Wild Places of Paynes Prairie

image of a bald eagle catching a fish over water at paynes prairie preserve state park.

It’s difficult to overstate the benefits of Paynes Prairie’s large wetland. The mosaic of marsh, wet prairie and open water provides habitat for 430 vertebrate species and more than 800 different species of plants.

With species ranging from the 1,000-plus pound bison to the tiniest insects, everything exists in a delicate balance, eating and being eaten, surviving and thriving. Nearly 23,000 acres of wild Florida is protected here forever, and it’s a big neighborhood.

Alligators and Florida seem to go hand in hand. Many native Floridians will tell you that any given body of water in the state will generally have a resident gator, and Paynes Prairie Preserve State Park is no exception.

Naturalist William Bartram came to Florida from Philadelphia in the 1700s and made his way to Paynes Prairie, which he called “the great Alachua savannah.” Bartram wrote of the alligators he saw here that “they are so abundant that if permitted by them, I could walk over any part of the basin and the river upon their heads, which slowly float and turnabout, like knotty chunks or logs of wood.” While his words hold true still today, we wouldn’t recommend trying it.

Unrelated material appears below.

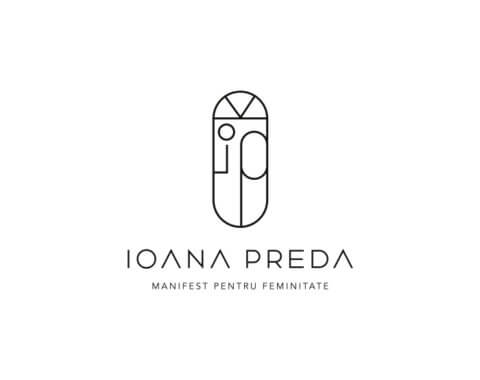 ioanapreda logo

Something of note about the prairie is that it is never the same place twice. Every visit is different. Migrations, water levels, temperatures and prescribed fire drive the rhythms of the always changing prairie. One visit may yield an exciting encounter with the wild cracker horses that still roam the area; the next a quiet walk with only a few songbirds for company. Not to be missed are some of the seasonal residents: migrating sandhill cranes found from December through February, transient warblers making their way south in winter months, or American lotus blooms seen most commonly in the summer.

Sandhill cranes at Paynes Prairie Preserve State Park.

The prairie enables a rare escape into a landscape that can sometimes seem more like the African Serengeti, giving visitors a rich collection of biodiversity and scenic sweeping vistas, while being found only a few miles from downtown Gainesville. This is Paynes Prairie Preserve State Park. This is ...the Real Florida.